▶ _Task instructions_: Look below for the line containing "A tall stack". Write out that line and the rest through the last one, exactly as they appear, but without pictures.

────────────────

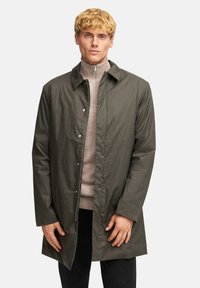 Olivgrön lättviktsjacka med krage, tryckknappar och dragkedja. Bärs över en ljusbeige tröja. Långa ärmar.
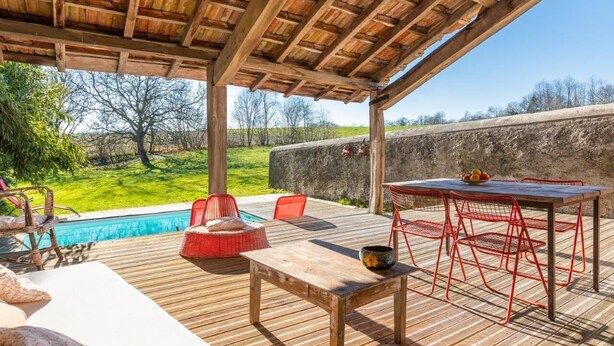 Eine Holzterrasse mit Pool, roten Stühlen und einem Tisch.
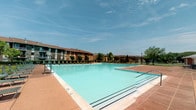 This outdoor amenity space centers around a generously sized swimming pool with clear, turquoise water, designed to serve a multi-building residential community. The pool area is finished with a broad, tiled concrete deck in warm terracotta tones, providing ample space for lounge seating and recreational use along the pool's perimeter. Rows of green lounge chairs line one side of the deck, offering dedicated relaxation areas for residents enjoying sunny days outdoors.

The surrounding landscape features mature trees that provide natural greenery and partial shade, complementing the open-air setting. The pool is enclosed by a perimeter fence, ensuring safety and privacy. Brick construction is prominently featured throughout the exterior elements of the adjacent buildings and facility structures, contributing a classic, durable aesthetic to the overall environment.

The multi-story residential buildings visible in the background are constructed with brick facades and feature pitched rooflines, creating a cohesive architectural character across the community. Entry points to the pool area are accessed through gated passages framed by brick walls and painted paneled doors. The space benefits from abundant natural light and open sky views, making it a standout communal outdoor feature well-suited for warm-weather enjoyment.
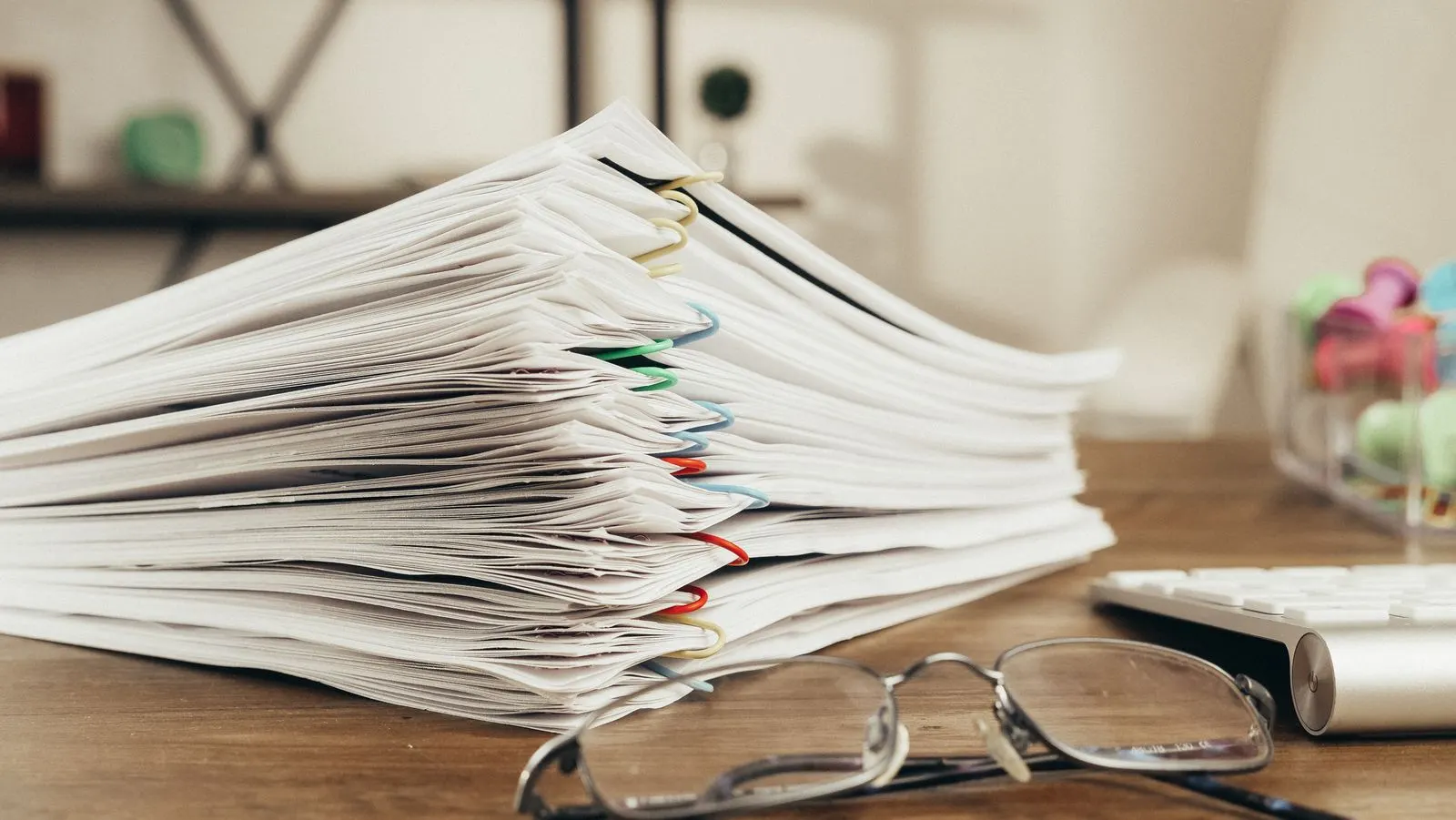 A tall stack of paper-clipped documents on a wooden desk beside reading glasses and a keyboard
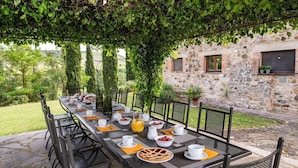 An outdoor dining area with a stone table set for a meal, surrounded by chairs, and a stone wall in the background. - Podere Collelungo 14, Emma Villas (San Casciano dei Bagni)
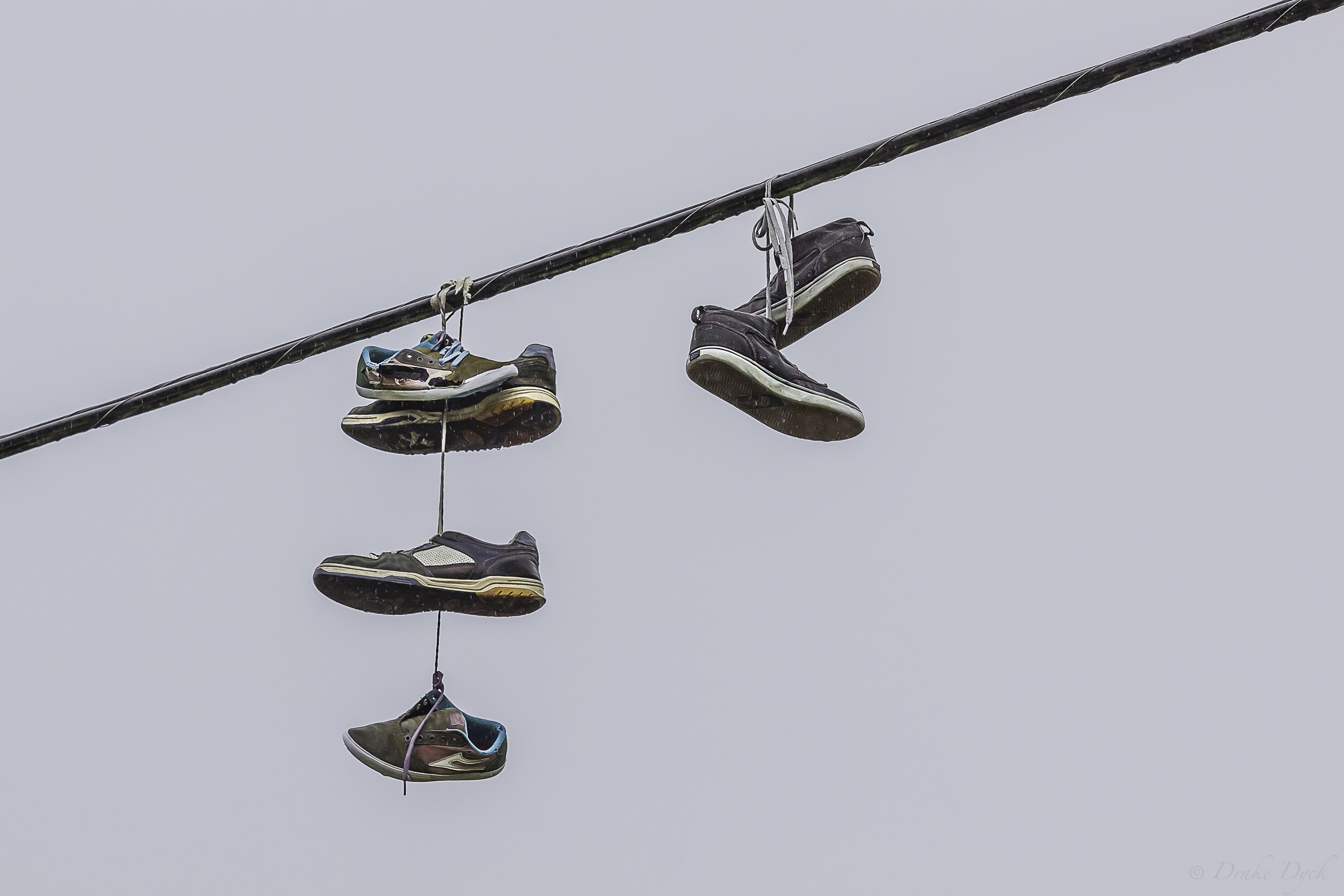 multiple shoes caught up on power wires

────────────────

▶ _Finished exercise_:
 A tall stack of paper-clipped documents on a wooden desk beside reading glasses and a keyboard
 An outdoor dining area with a stone table set for a meal, surrounded by chairs, and a stone wall in the background. - Podere Collelungo 14, Emma Villas (San Casciano dei Bagni)
 multiple shoes caught up on power wires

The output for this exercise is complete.